Внеклассная алхимия - Силаев Александр Юрьевич (книги серии онлайн TXT) 📗
Когда я был маленьким и вовсе невинным, я назвал кого-то безобидным словом с матерным корнем. Я не знал, чего это такое. Какого рода и корня. Просто впервые услышал новое слово. Адресат как-то понял, что я сам не понимаю послания — и все обошлось.
То есть первое условие: чтобы полноценно оскорбить человека, надо сделать шаг ему навстречу, в его мир, в его слова (высший пилотаж, конечно, утянуть его в свое пространство, в мир своих значений, — по полной проименовать его там, чтобы он понял, кем именно — но синтез образовательной услуги и оплеухи требует ряда условий… например, учитель может отчитать ученика так, что он узнает одновременно — и новые смыслы, и что он урод — но не все же твои ученики). Короче, бросьте ваш испанский, ругаясь с русским.

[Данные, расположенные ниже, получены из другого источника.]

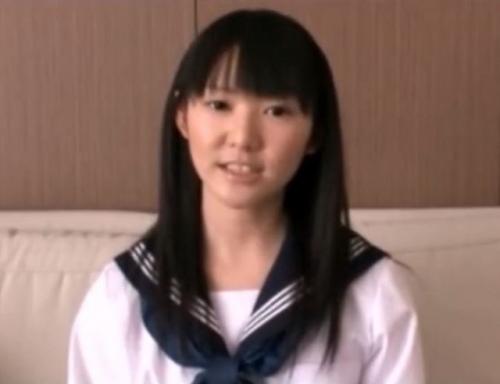 セーラー服の現役JKがハメ撮りビデオに出演！性欲前回の制服着衣セックス！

Отсюда, кстати, следует: возможна принадлежность сторон к настолько непроницаемым мирам, что им нечем оскорбляться. Люди с тараканами могут досаждать друг другу — но, конечно, не оскорблять. А если ты считаешь кого-то тараканом (или он тебя)? Высшая степень не держания кого-то за человека исключает возможность рассказать ему о том… Его можно только как таракана… Морить. Или не замечать.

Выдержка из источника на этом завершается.